[Records for processing — start]

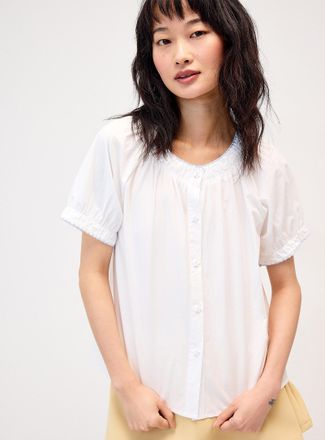 Twik Womens Flower buttons poplin shirt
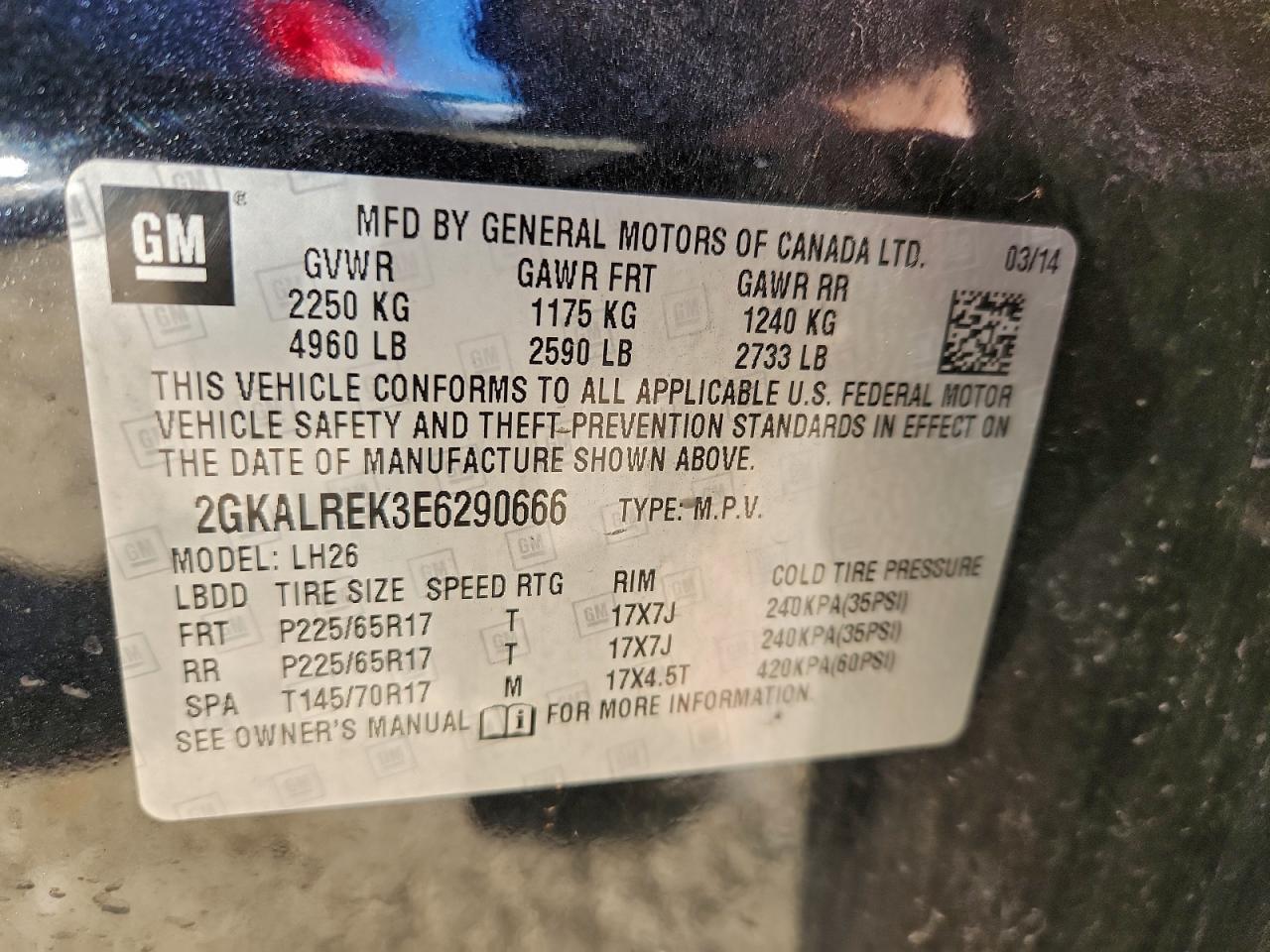 2014 GMC Terrain Sle VIN: 2GKALREK3E6290666 Lot: 93664805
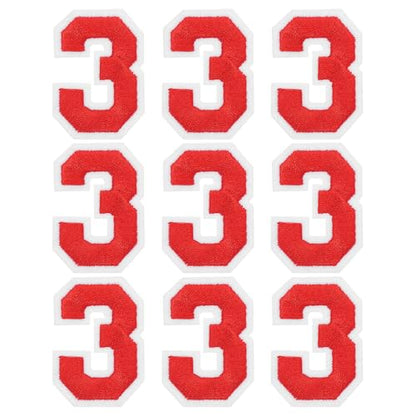 MECCANIXITY Iron on Number Patches 2" Number 3 Iron on Embroidered Patch Sew on Letter Stickers Applique for Repairing Clothing Jeans Shoes Hats DIY(Red, Pack of 9) - style: Number 3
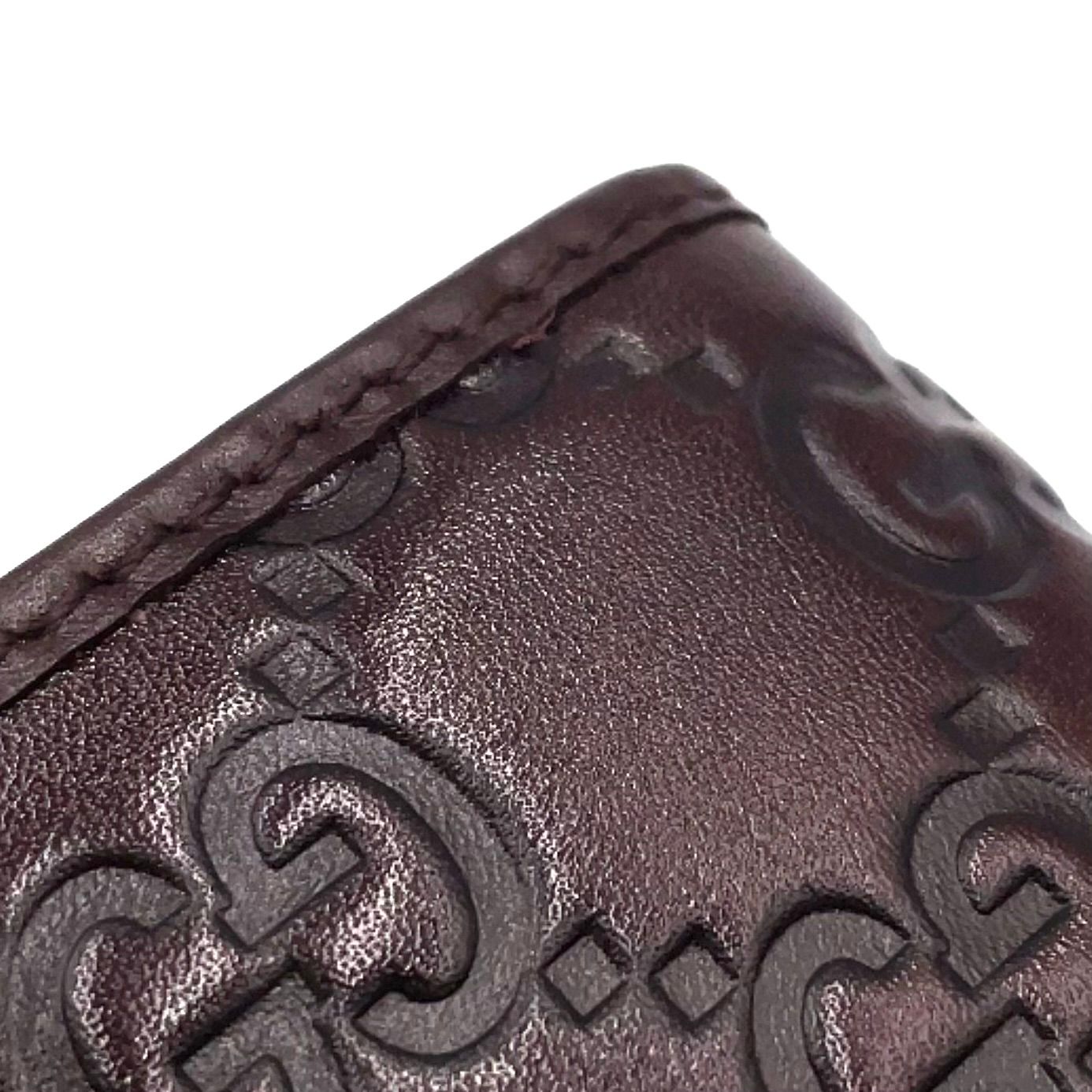 Gucci Sherry Line Leather Green Brown Red Key Case Silver Key Holder — view 7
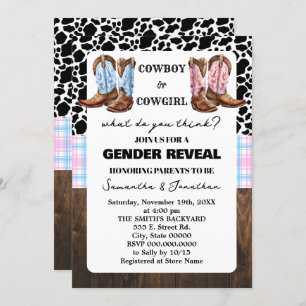Convites Western Gender Reveed Country Boots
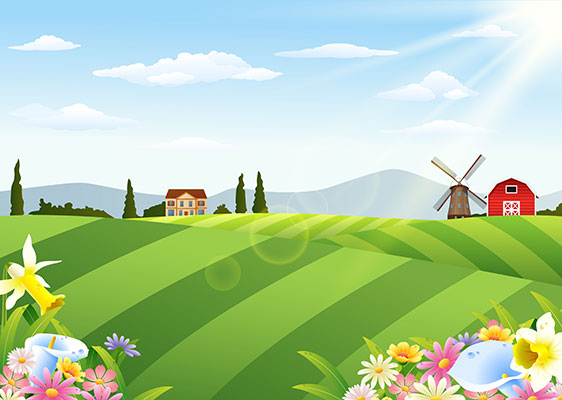وکتور کاراکتر طبیعت گل در دشت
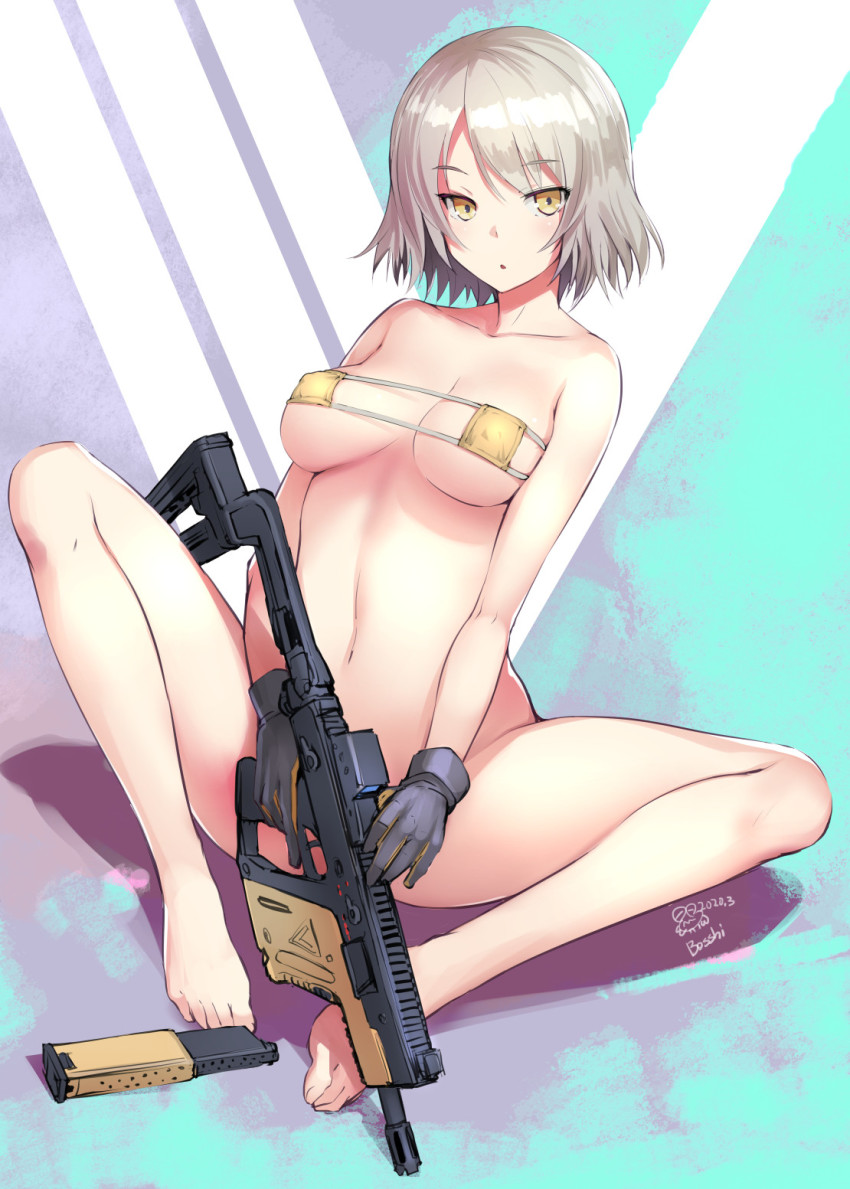 1girl, barefoot, bikini, bosshi, breasts, collarbone, commentary_request, covered_erect_nipples, eyepatch_bikini, female_focus, girls'_frontline, gloves, grey_hair, gun, highres, holding, holding_gun, holding_weapon, kriss_vector, large_breasts, looking_at_viewer, micro_bikini, short_hair, sitting, solo, submachine_gun, swimsuit, vector_(girls'_frontline), weapon, yellow_bikini, yellow_eyes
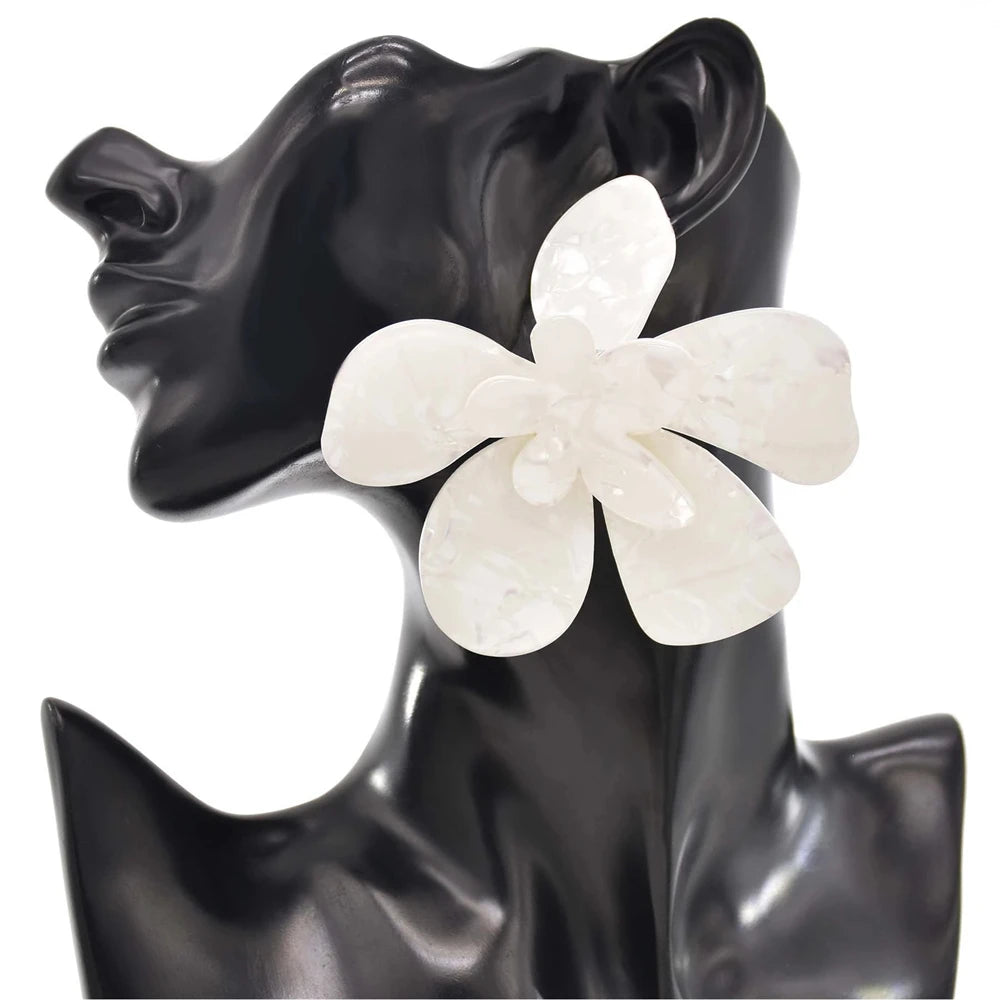 Acrylic Fashion Big Flower Pendant Earrings Double Layer Flowers Women's Earrings for Women 2023 New Party Jewelry Gifts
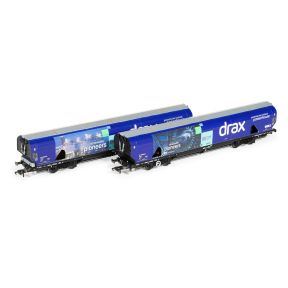 Hornby R60177A OO Gauge Double Pack Drax Biomass Wagons 83700698083-8 & 83700698158-8 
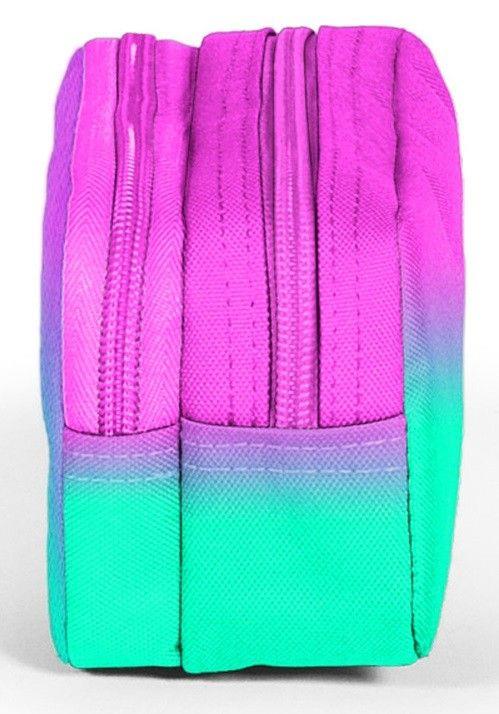 Coral High Pembe Su Yeşili Renk Geçişli İki Bölmeli Kalem Çantası - Kız Çocuk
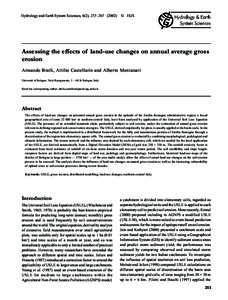 Soil / Water pollution / Universal Soil Loss Equation / Hydrology / Land management / Erosion / Surface runoff / Sediment / Emilia-Romagna / Environmental soil science / Earth / Soil science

[Records for processing — finish]

> **Problem to solve**
In your answer, copy exactly the lines running from the line with "Gucci Sherry Line" to the end of the material above, both included, and omit all pictures.

> **Exercise answer**
 Gucci Sherry Line Leather Green Brown Red Key Case Silver Key Holder — view 7
Convites Western Gender Reveed Country Boots
وکتور کاراکتر طبیعت گل در دشت
 1girl, barefoot, bikini, bosshi, breasts, collarbone, commentary_request, covered_erect_nipples, eyepatch_bikini, female_focus, girls'_frontline, gloves, grey_hair, gun, highres, holding, holding_gun, holding_weapon, kriss_vector, large_breasts, looking_at_viewer, micro_bikini, short_hair, sitting, solo, submachine_gun, swimsuit, vector_(girls'_frontline), weapon, yellow_bikini, yellow_eyes
 Acrylic Fashion Big Flower Pendant Earrings Double Layer Flowers Women's Earrings for Women 2023 New Party Jewelry Gifts
 Hornby R60177A OO Gauge Double Pack Drax Biomass Wagons 83700698083-8 & 83700698158-8 
 Coral High Pembe Su Yeşili Renk Geçişli İki Bölmeli Kalem Çantası - Kız Çocuk
 Soil / Water pollution / Universal Soil Loss Equation / Hydrology / Land management / Erosion / Surface runoff / Sediment / Emilia-Romagna / Environmental soil science / Earth / Soil science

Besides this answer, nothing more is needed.